Molten salts have been the main heat transfer fluids used in solar power tower plants in recent times, but their limited operating temperatures limit the efficiency of current solar plants and their competitiveness. One option to improve the efficiency is to use liquid metals instead of molten salts, which in addition to withstanding temperatures even above 1000°C, have excellent thermophysical properties. This paper shows the comparative thermodynamics evaluation of a solar power tower external receiver using different liquid metals and molten salts as heat transfer fluid (HTF), located in northern Chile, a location with a high solar potential and where an important plant of this type recently started operation and others are projected.

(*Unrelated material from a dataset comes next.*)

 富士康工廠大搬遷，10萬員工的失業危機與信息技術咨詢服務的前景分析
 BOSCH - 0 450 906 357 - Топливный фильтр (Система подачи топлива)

Tonatiuh and Engineering Equation Solver software were used to develop the work and implement the model. The results show that the operation with liquid metals produces lower energy efficiency than molten salts due to the higher operating temperatures, which significantly increase thermal losses, mainly radiative ones. However, the better thermophysical properties of some liquid metals, especially sodium, make the efficiency reduction not so relevant (only 2 percentage points in this analysis). It would be expected that this reduction in efficiency could be compensated by the increase in the thermal efficiency of the thermomechanical cycle in the case of electricity production due to the fact of operating at higher temperatures, but this work shows that the exergy efficiency of the process with liquid sodium is only 2 percentage points higher than with solar salt. Therefore, the reduction of losses, especially radiative losses, which can be as much as 400% greater than that ocurring with solar salt, becomes a necessity if we want to take advantage of the potential represented by being able to operate solar systems at temperatures higher than the current ones, with liquid metals or any other material.